L’énigme de la famille Salomon
Cette famille juive mantaise, dont le vrai nom était Schimianski, a disparu à Auschwitz en laissant très peu de traces. Professeur d’histoire au collège George-Sand à Magnanville, Thierry Andro a entrepris de reconstituer son existence avec ses élèves.
« Mme Salomon et ses deux enfants devant sa boutique. »
La même photo - celle que nous donnons - a été publiée dans la somme en trois volumes du Groupe de recherches et d’éditions mantaises (Grem), Mantes et Mantes-la-Ville de 1789 à nos jours. On ignore s’il existe d’autres images des Salomon.
Dans le livre de Martin et Racaud, on lit qu’Albert et Irma tenaient un commerce de casquettes place du Marché-auBlé, jusqu’à ce que les mesures antijuives s’abattent sur eux :
« L’interdiction de tenir commerce oblige M. Salomon à rechercher un autre emploi afin de faire vivre sa petite famille. Il se fera charretier. Les occupants le surveillent étroitement et lui font obligation de rejoindre son domicile le soir avant vingt heures, faute de quoi il sera passible d’une amende de trois jours de prison. »
Les Salomon avaient deux enfants, Jean et Annette, nés à Mantes en 1935 et 1937.
Thierry Andro se demande pourquoi le véritable patronyme de cette famille, Schimianski, est passé aux oubliettes. Salomon était en fait le prénom du père d’Albert.
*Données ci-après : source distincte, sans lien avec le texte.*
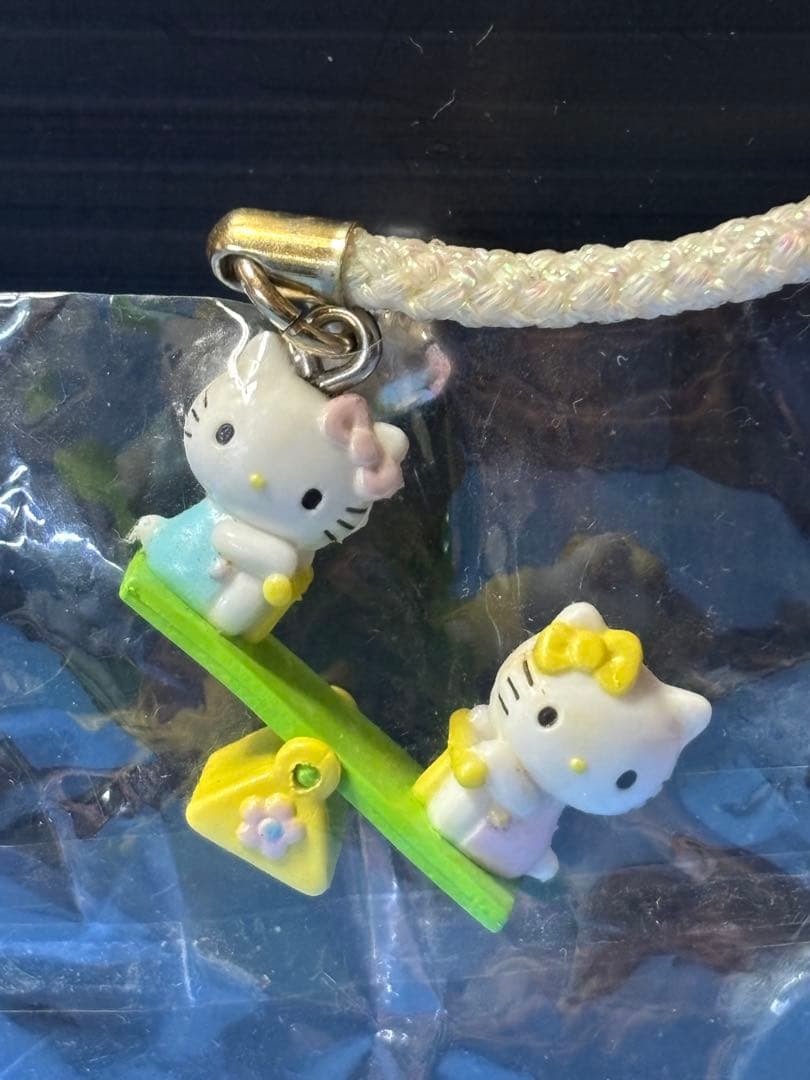 ご当地キティ　キティ　ミミィ　シーソー　根付け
Avant-guerre, cet homme vivait avec eux au 23, place du Marché-au-Blé. En atteste le registre du recensement de 1935, accessible en ligne.
Le site Internet du Mémorial de la Shoah indique qu’Albert Schimianski (né le 27 septembre 1897 à Paris) a été déporté à Auschwitz par le convoi n° 68 du 10 février 1944. Sa femme (née le 3 décembre 1903 à Senones, dans les Vosges) et leurs enfants ont pris la même direction par le convoi n° 69 du 7 mars1944.
À Mantes, une rue piétonne proche de la place Saint-Maclou porte le nom de la famille Salomon. La plaque est fautive : elle donne 1943 comme année de leur déportation. Thierry Andro se dit qu’il y a peut-être quelque chose à faire : rétablir le nom, les faits, les dates. Il emmènera ses élèves aux archives municipales et au Mémorial de la Shoah, à Paris. L’historien mantais Roger Colombier, auteur d’un livre sur le camp d’internement d’Aincourt, a accepté de participer à son projet.
Après-guerre, la boutique des Salomon-Schimianski a rouvert à l’enseigne des Tissus Joseph. Que sont devenus les objets qui appartenaient à cette famille ? Et les enfants : ne pourrait-on leur rendre un peu d’existence en apprenant quelles écoles ils ont fréquenté, à quels jeux ils jouaient. Il suffirait - peut-être - que des camarades de classe, nés vers 1935, témoignent.